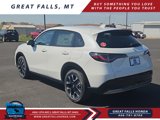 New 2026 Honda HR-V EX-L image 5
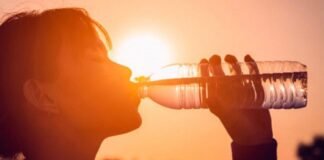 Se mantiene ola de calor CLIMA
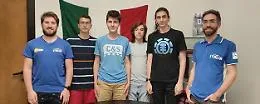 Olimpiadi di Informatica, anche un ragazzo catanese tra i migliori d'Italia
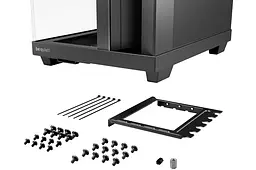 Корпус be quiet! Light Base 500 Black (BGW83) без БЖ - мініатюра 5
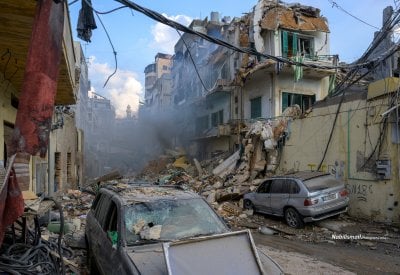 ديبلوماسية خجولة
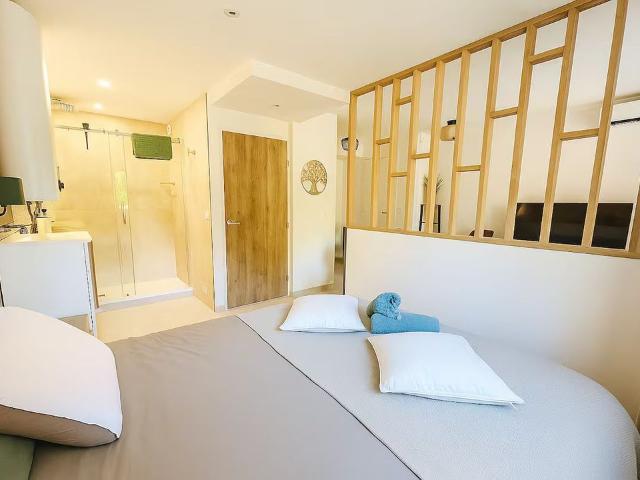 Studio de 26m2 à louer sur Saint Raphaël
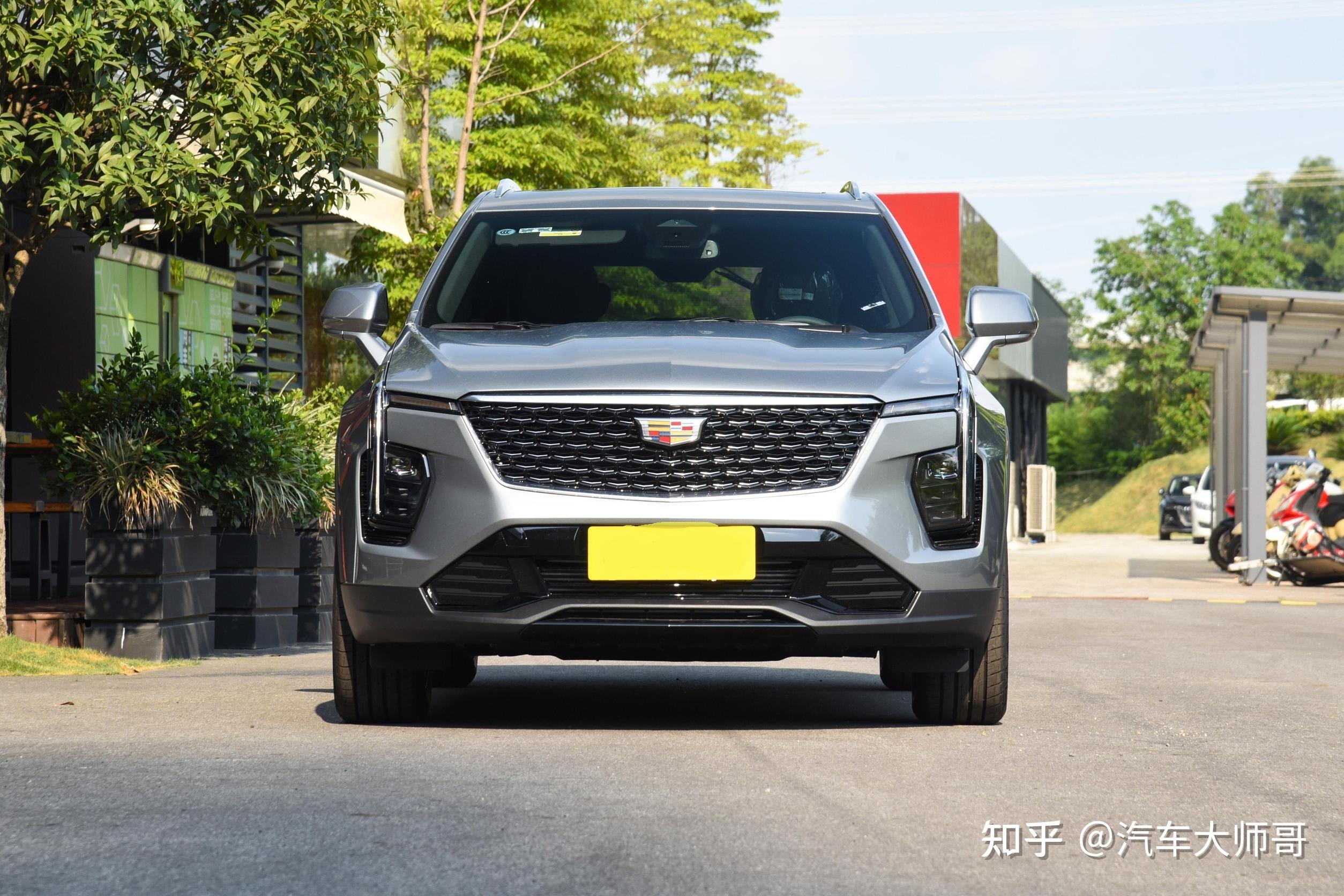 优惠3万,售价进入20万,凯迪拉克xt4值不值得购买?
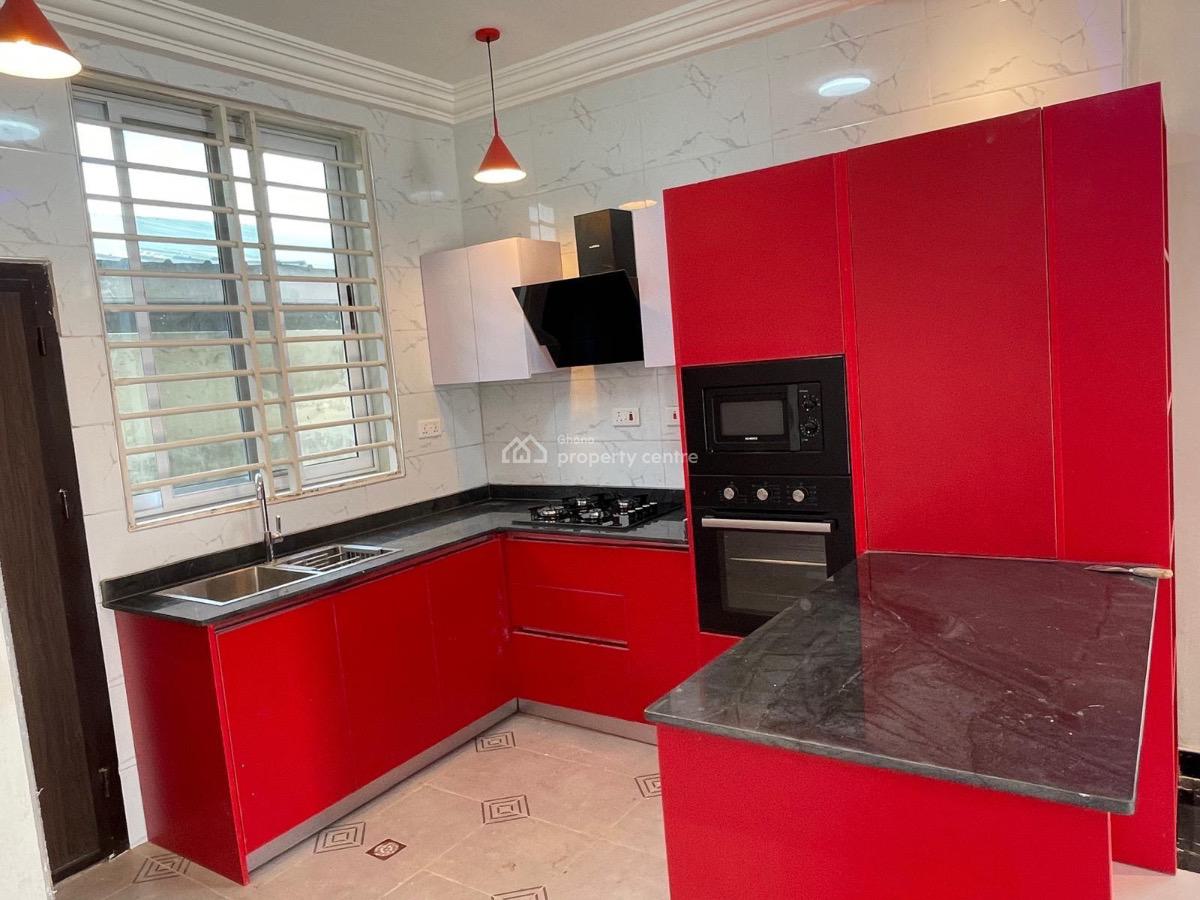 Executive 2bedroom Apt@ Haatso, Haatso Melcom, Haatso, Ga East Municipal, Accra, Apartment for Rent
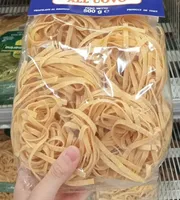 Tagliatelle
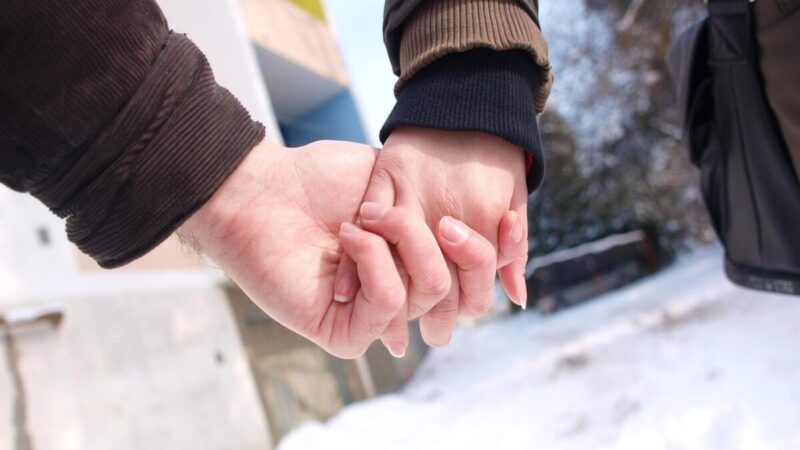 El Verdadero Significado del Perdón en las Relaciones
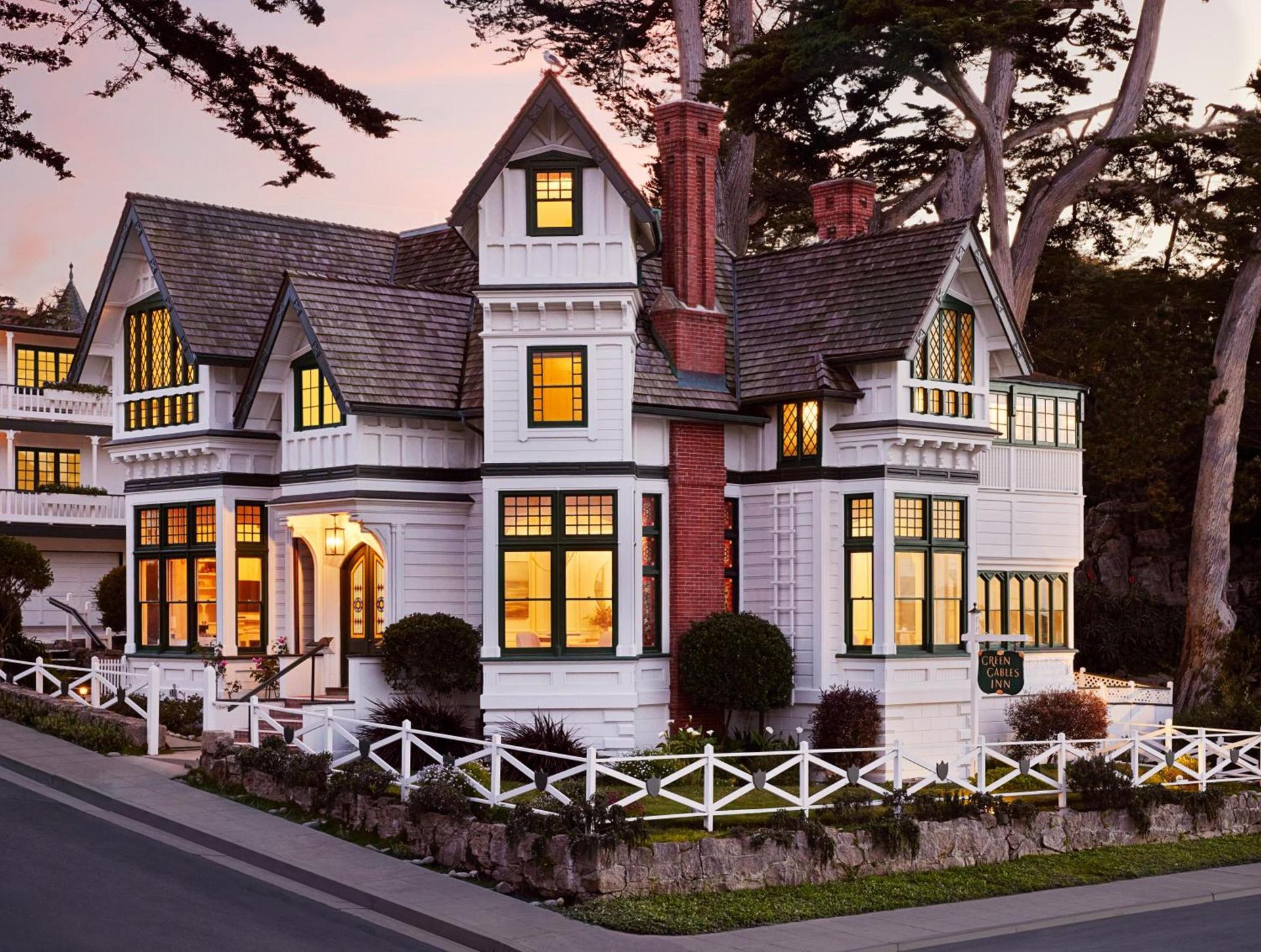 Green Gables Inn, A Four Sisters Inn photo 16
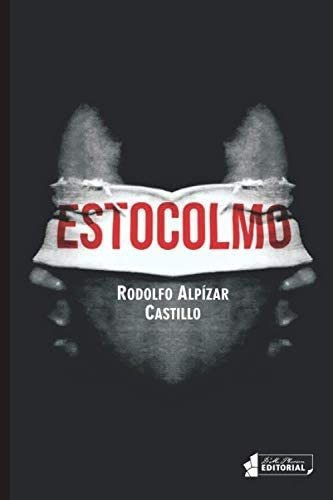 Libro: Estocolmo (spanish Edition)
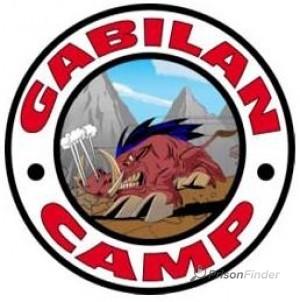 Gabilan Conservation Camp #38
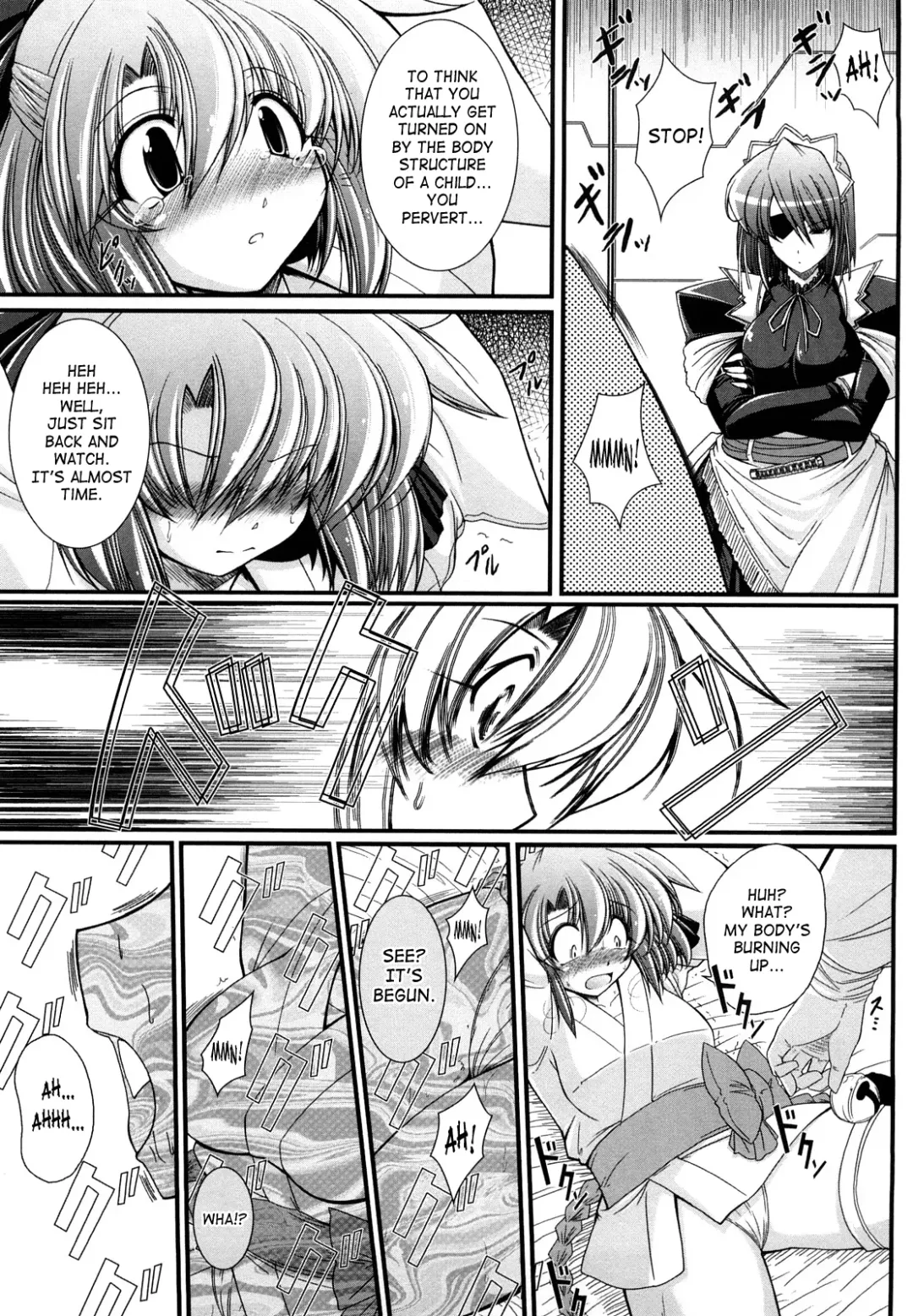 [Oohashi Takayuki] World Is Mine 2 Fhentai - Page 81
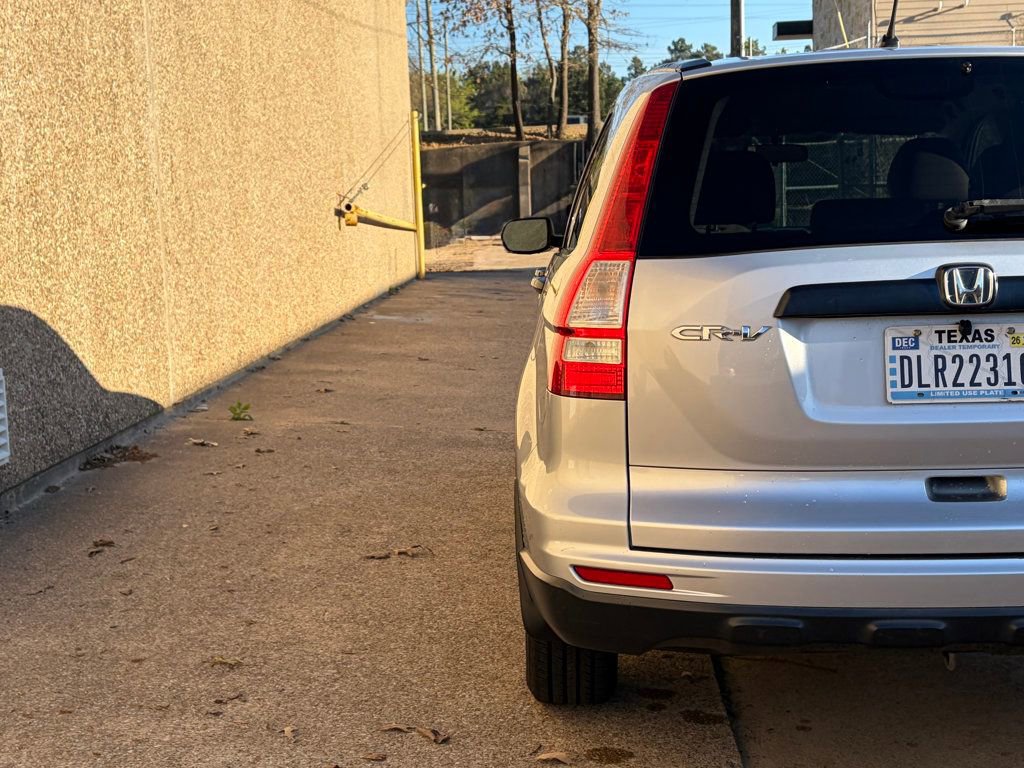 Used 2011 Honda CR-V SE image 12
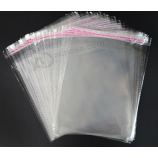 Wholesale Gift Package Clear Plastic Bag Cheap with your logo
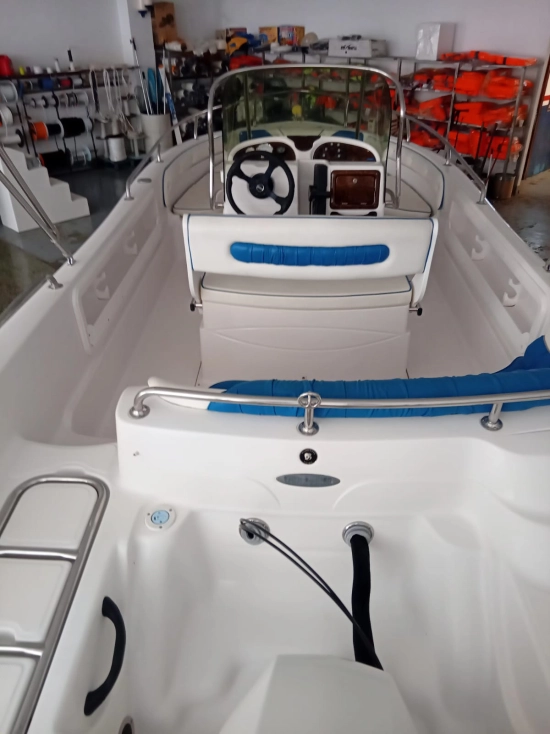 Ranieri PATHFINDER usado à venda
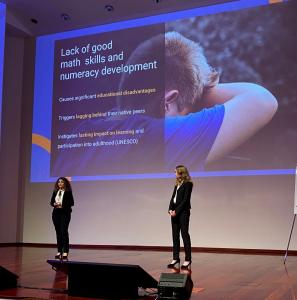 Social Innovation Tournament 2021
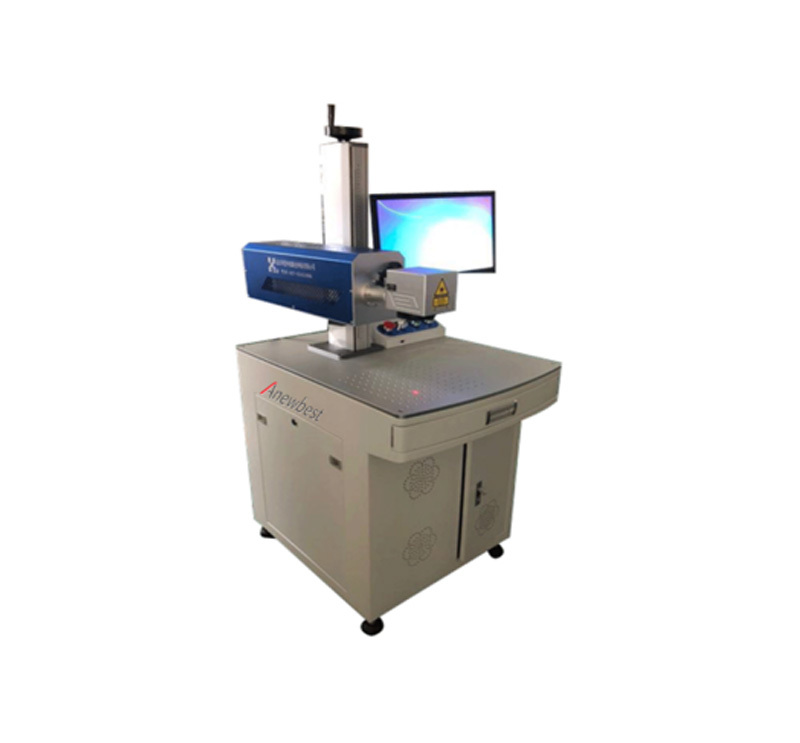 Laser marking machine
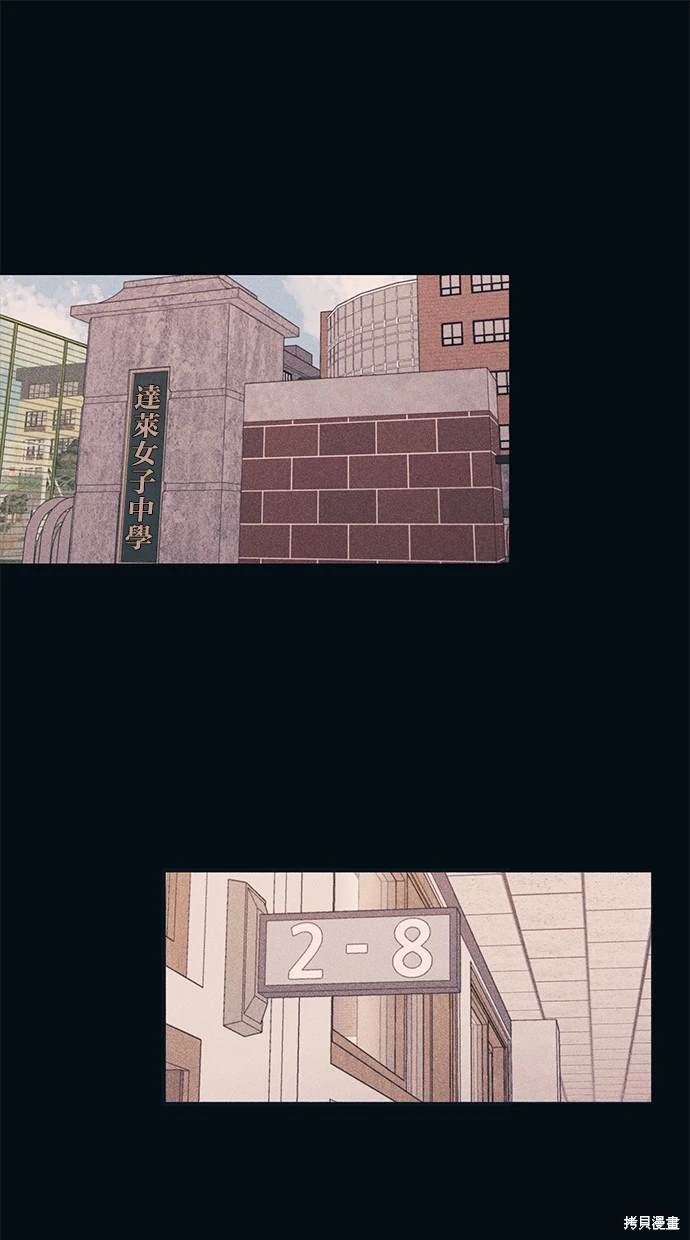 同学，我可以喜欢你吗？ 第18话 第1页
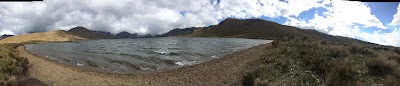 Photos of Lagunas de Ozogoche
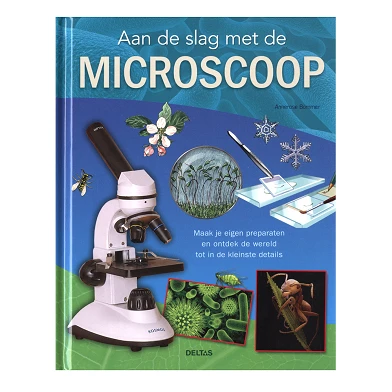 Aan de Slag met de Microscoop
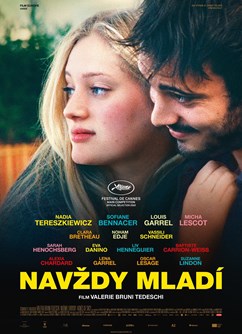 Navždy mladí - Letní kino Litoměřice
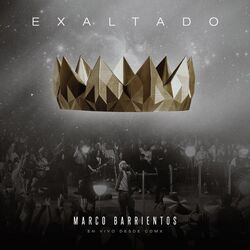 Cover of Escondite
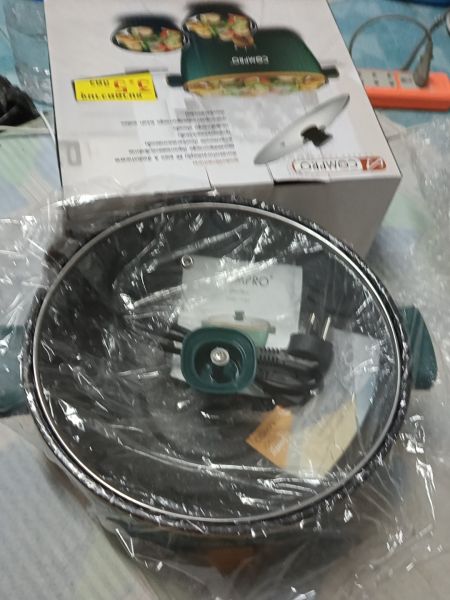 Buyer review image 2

Work request: Return each of the lines exactly as they appear above, with no images.

Response area:
 New 2026 Honda HR-V EX-L image 5
 Se mantiene ola de calor CLIMA
 Olimpiadi di Informatica, anche un ragazzo catanese tra i migliori d'Italia
 Корпус be quiet! Light Base 500 Black (BGW83) без БЖ - мініатюра 5
 ديبلوماسية خجولة
 Studio de 26m2 à louer sur Saint Raphaël
 优惠3万,售价进入20万,凯迪拉克xt4值不值得购买?
 Executive 2bedroom Apt@ Haatso, Haatso Melcom, Haatso, Ga East Municipal, Accra, Apartment for Rent
 Tagliatelle
 El Verdadero Significado del Perdón en las Relaciones
 Green Gables Inn, A Four Sisters Inn photo 16
 Libro: Estocolmo (spanish Edition)
 Gabilan Conservation Camp #38
 [Oohashi Takayuki] World Is Mine 2 Fhentai - Page 81
 Used 2011 Honda CR-V SE image 12
 Wholesale Gift Package Clear Plastic Bag Cheap with your logo
 Ranieri PATHFINDER usado à venda
 Social Innovation Tournament 2021
 Laser marking machine
 同学，我可以喜欢你吗？ 第18话 第1页
 Photos of Lagunas de Ozogoche
 Aan de Slag met de Microscoop
 Navždy mladí - Letní kino Litoměřice
 Cover of Escondite
 Buyer review image 2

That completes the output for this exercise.